Entre las tareas a realizar también se incluyen las compras y los encargos necesarios, así como revisar el correo electrónico. «Tenemos internet, mediante correo nos comunicamos con nuestras familias y lo utilizamos para mandar y recibir fotos. Normalmente soy yo la que lo utilizo –prosigue–. A pesar de que hoy en día, con las nuevas normas, podemos visitar a nuestras familias si surge algún problema o enfermedad, no está de más comunicarnos también vía e-mail. Los encargos en la calle, en cambio, los hace sor María Cruz, que es la más joven. Ella se encarga de comprar los medicamentos necesarios, de ir al ambulatorio o de comprar la comida».

Permisos para salidas. La madre abadesa es quien da permiso al resto de hermanas que necesitan salir del convento. «Normalmente no hay ningún problema en salir al exterior, incluso para varios días, si la razón está justificada. En cambio, si es para un periodo muy largo, deberíamos de pedir permiso al obispo.

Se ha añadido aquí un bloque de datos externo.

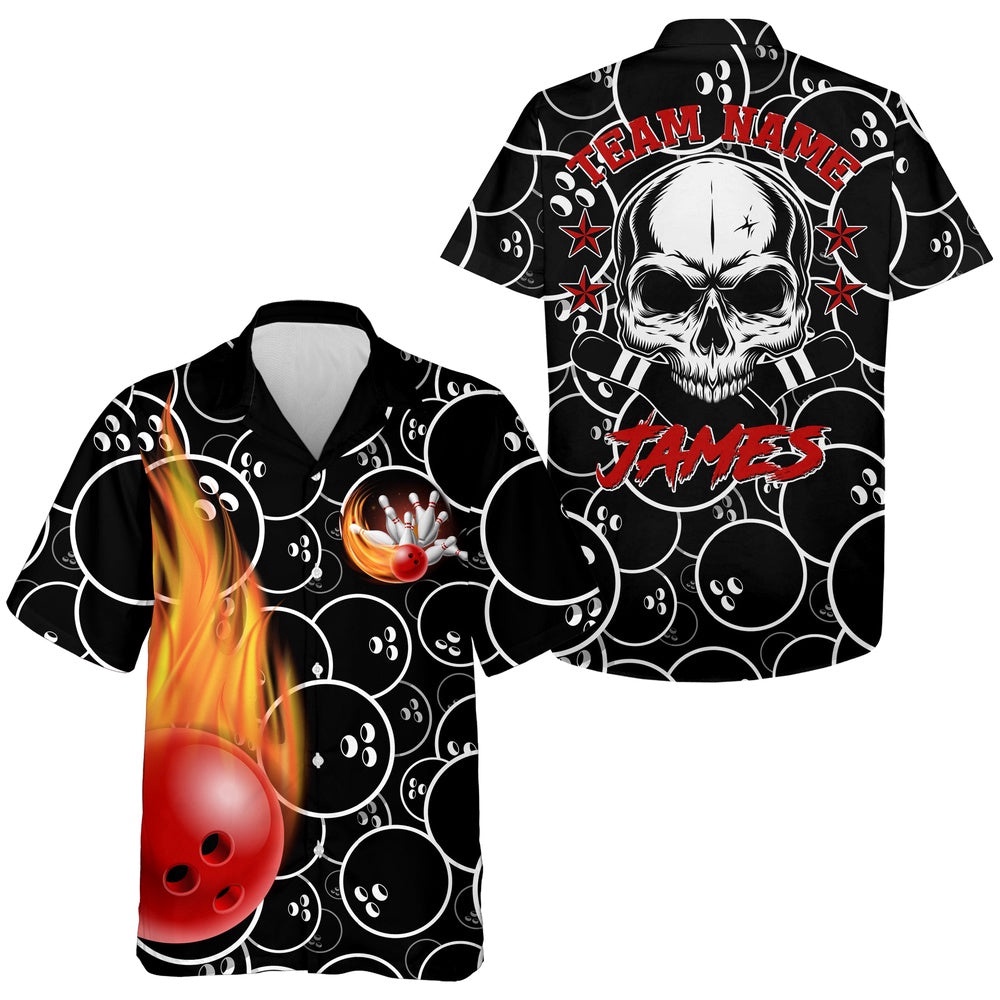 Personalized Flame Custom Bowling Team Shirts, Custom Team Bowling Hawaiian Shirt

Nunca nos ha surgido ningún problema al respecto».

Sor Genoveva, hermana de sor María Rosario, lleva 49 años en el convento de Tolosa. «Nací en Bedaio (Tolosa) hace 76 años. Hasta los 27 estuve trabajando, primero en el caserío familiar y luego como sirvienta. Estoy convencida de que la vocación me venía desde pequeña. Recuerdo cómo vestía a mis muñecas de monja. La verdad es que tenía una vida feliz, incluso salía con un chico, pero sentía un vacío dentro de mí que no sabría explicar. Definitivamente, decidí entrar en el convento. Mi decisión fue la correcta, ahora me siento realizada».

A las 18.30 termina el horario de visitas en el convento. A esa hora, las hermanas de Santa Clara acuden a rezar a la iglesia hasta las 20.00 en punto, hora de la cena.

Los trece huevos. Todas ellas aseguran que les agrada recibir visitas: «Nos encanta charlar con la gente. Para las visitas preparamos rosquillas y un poquito de vino dulce si tienen la edad apropiada. Nos gusta mucho intercambiar opiniones, hablar, contar, y que nos cuenten. También es tradición en el pueblo que las personas acudan al convento a traernos huevos, trece huevos, lo que se denomina la docena del fraile», precisan. Las hermanas explican que «esta ofrenda se hace para la petición de buen tiempo. Normalmente nos los obsequian cuando los interesados tienen eventos especiales, como bodas. Yo siempre digo que el tiempo está en manos de Dios y de la naturaleza; lo que hacemos nosotras es rezar para que la petición se cumpla». Años atrás las monjas apenas podían recibir visitas, ahora poquito a poco tienen más relación con el exterior. Ha habido una importante apertura.

Tras la cena y después de haber realizado el correspondiente fregado, a las 21.00 acuden a ver las noticias en la televisión. «No vivimos en una burbuja, sabemos todo el sufrimiento que hay fuera y rezamos por ello», señalan.

Después, tras una breve oración, sobre las 22.00 se acuestan. «Madrugamos mucho y al final del día terminamos agotadas», concluyen.